> _WHAT YOU ARE ASKED TO DO_
Print the data verbatim. Leave every image out.

> _DATA SHOWN_
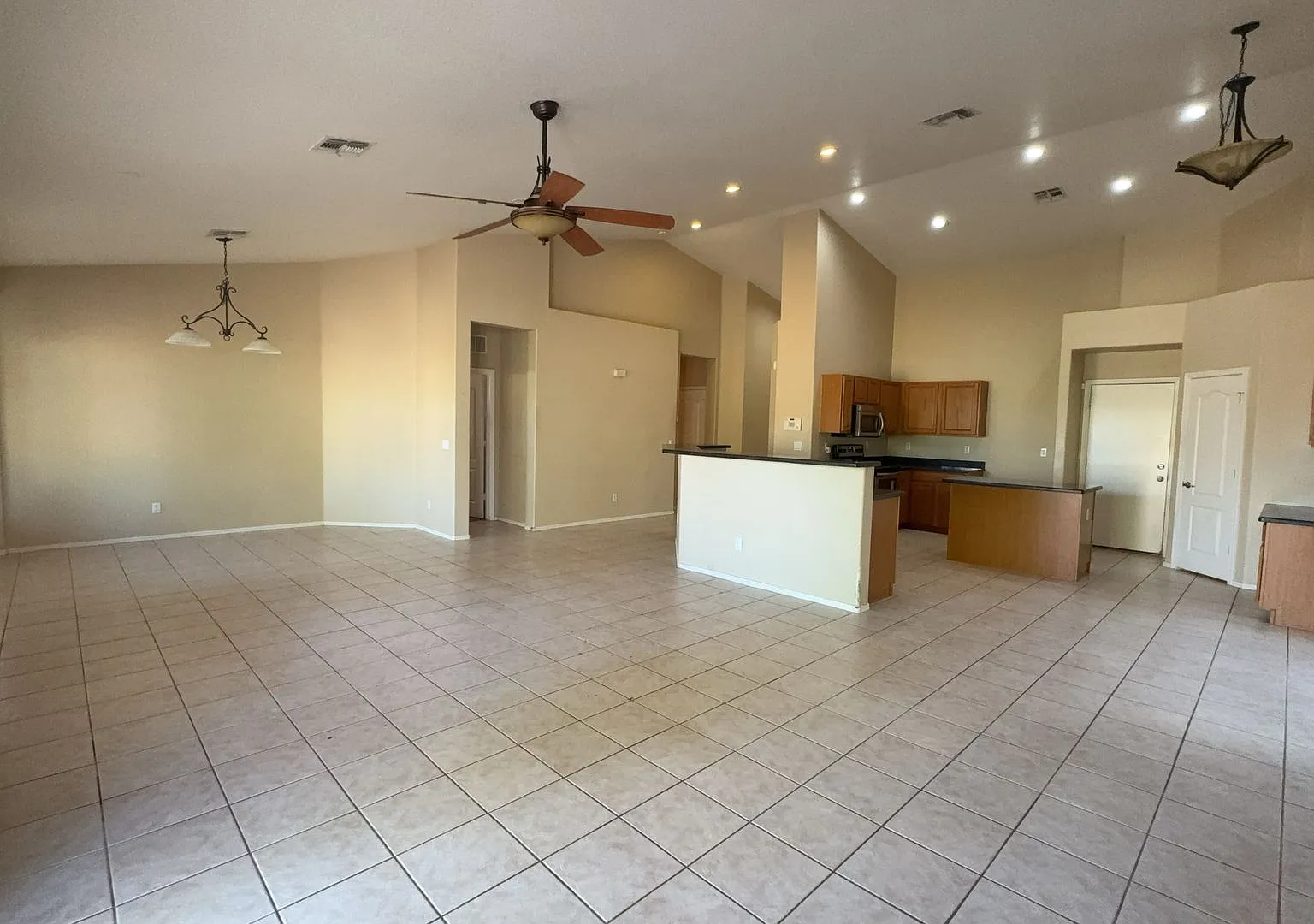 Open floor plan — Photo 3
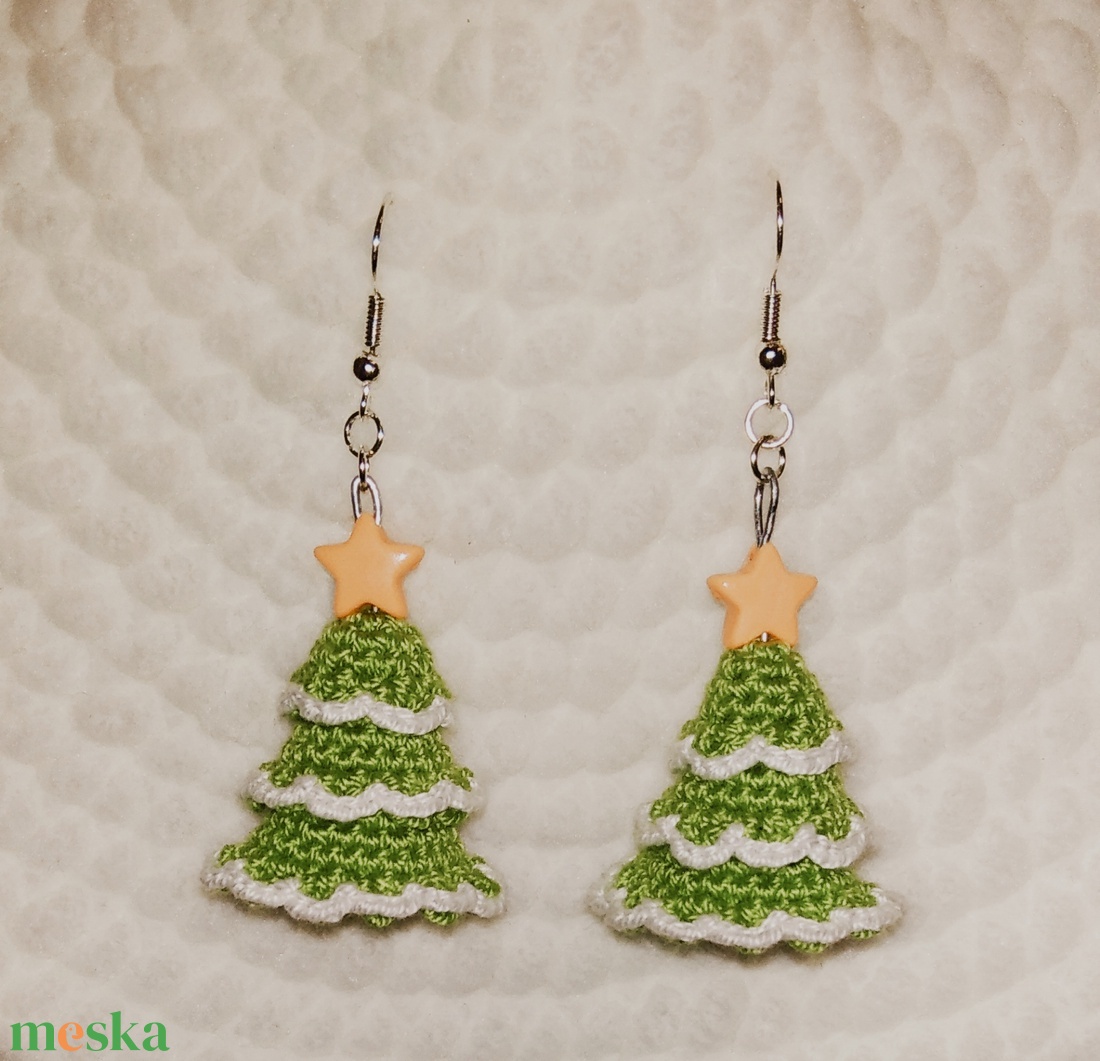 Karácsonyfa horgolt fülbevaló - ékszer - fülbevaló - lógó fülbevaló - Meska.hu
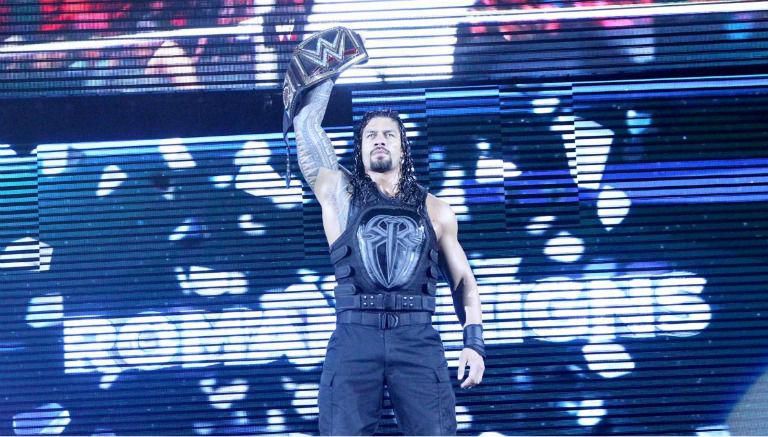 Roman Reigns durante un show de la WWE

> _TASK ANSWER_
 Open floor plan — Photo 3
 Karácsonyfa horgolt fülbevaló - ékszer - fülbevaló - lógó fülbevaló - Meska.hu
 Roman Reigns durante un show de la WWE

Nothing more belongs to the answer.